The majority opinion ignores section 9707, C. O. S. 1921, which provides for an election for an increased levy to be called by the excise board, if such board is of the opinion that such increase is reasonable and necessary for the current expenses of the school district. The qualified electors of the school district are vitally concerned in the conduct of the school system in their municipality. If section 9696, supra, is held *Page 272 unconstitutional in its entirety, such electors would be deprived of the right to vote on a final estimate for the current expenses of their school district. If the district school board fails to include in the estimate what might be reasonably necessary for the next ensuing fiscal year, then such electors must rely upon the excise board to call an election for an increased levy if in its opinion such excess is reasonably necessary for the current expenses of the municipality, and the excise board, if in its opinion such excess is not reasonably necessary, may refuse to issue a call for an election on said increased levy. The electors of such school district should not be denied this statutory right given to them under section 9696, supra.
The majority opinion conflicts and is repugnant to the opinion of City of Ardmore v. Excise Board of Carter County,155 Okla. 126, 8 P.2d 2, wherein the court says:
"It is said that the inclusion in section 3 of the act (section 9696, C. O. S. 1921) of the provision that the excise board shall have no authority to reduce the estimate of a school district, by implication, is a grant of authority to the excise board to reduce the estimates of other taxpaying units. We do not agree with that contention. No confusion can arise therefrom when the distinction made in Thurston, County Treasurer, v. Caldwell, supra, is kept in mind. Under the rule stated therein and consistently followed since that time, the maintaining of a public school system is a matter in which the state has a sovereign interest. It is not a matter of purely local or municipal concern. Atchison, T. S. F. Co. v. State,28 Okla. 94, 113 P. 921, 40 L. R. A. (N. S.) 1. In the absence of the prohibition contained in section 9696, supra, the excise board as a state agency would have supervision over estimates for school district purposes, and, under the provisions of section 9698, supra, would have the authority to reduce the estimate therefor. The prohibition was included in section 9696, supra, to prevent the excise board from exercising the authority granted to it by section 9698, supra, to reduce estimates involving matters in which the state has a sovereign interest, and there is nothing in section 9696, supra, which even by inference authorizes the excise board to reduce estimates for matters of purely local or municipal concern, except as hereinbefore stated."

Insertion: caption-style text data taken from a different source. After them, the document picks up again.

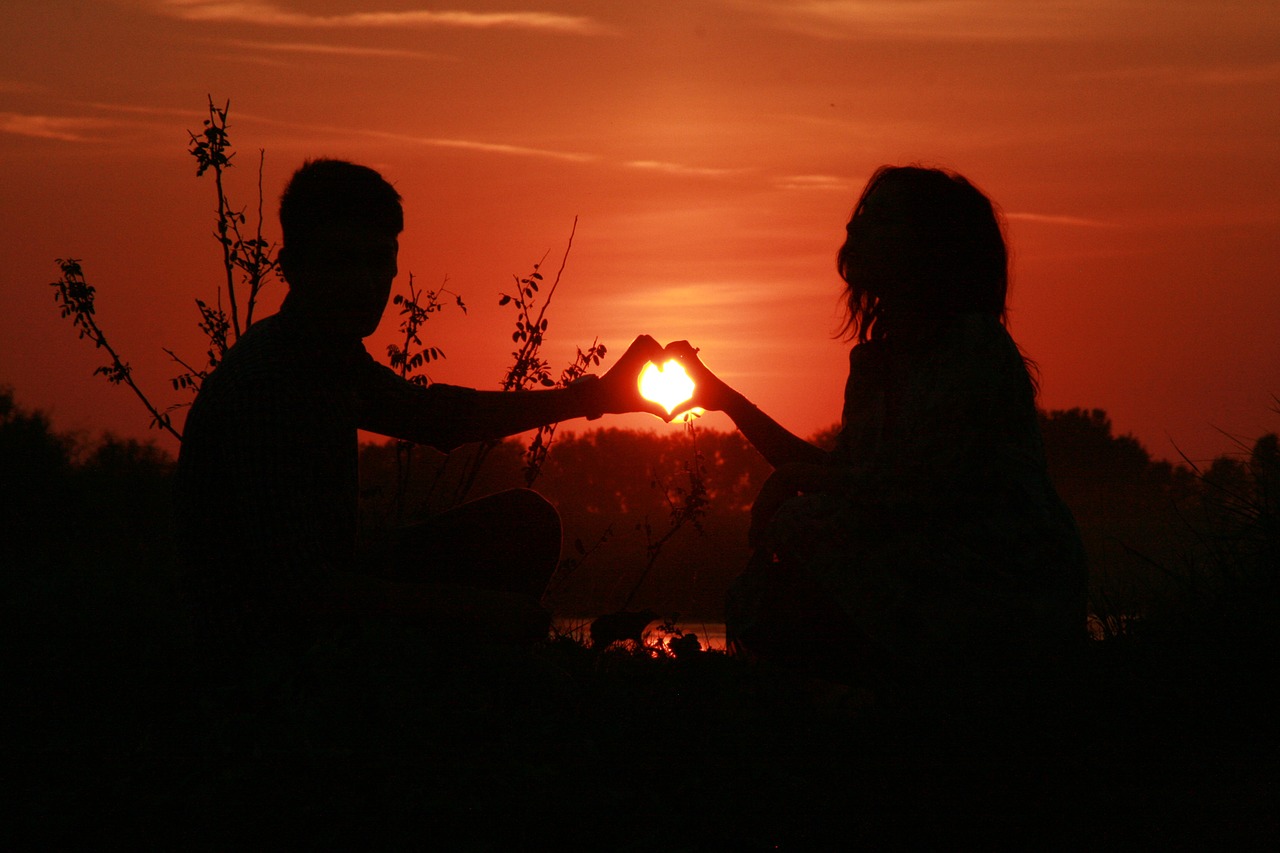 Image - couple love sunset water sun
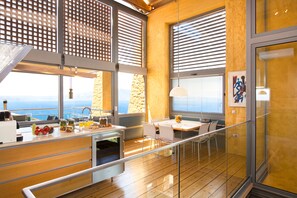 Villa de lujo, 2 habitaciones, alberca privada | Cocina privada | Refrigerador, microondas, horno y parrilla de estufa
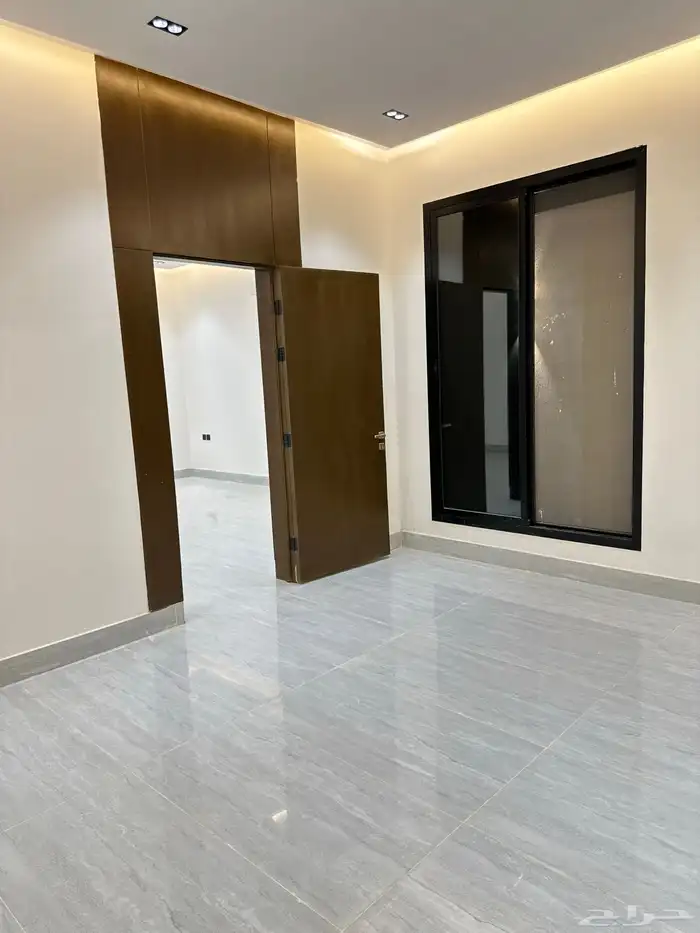 دور ارضي في حي الندوة بموقع مميز على شارع 20 وامام مرفق 7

The construction placed upon said section 9696, supra, in that case is not reconcilable with the majority opinion in this case. In the case of the City of Ardmore, v. Excise Board of Carter County, supra, the court clearly states that the state has a sovereign interest in the public school system and by reason of this sovereign interest the excise board as a state agency has supervision over estimates for school purposes, and under the provisions of section 9698, C. O. S. 1921, would have authority to reduce the estimates except for the provisions contained in section 9696, supra.
It is my opinion that section 9696, supra, is valid in every respect except in so far as it attempts to provide that the votor must be a taxpayer.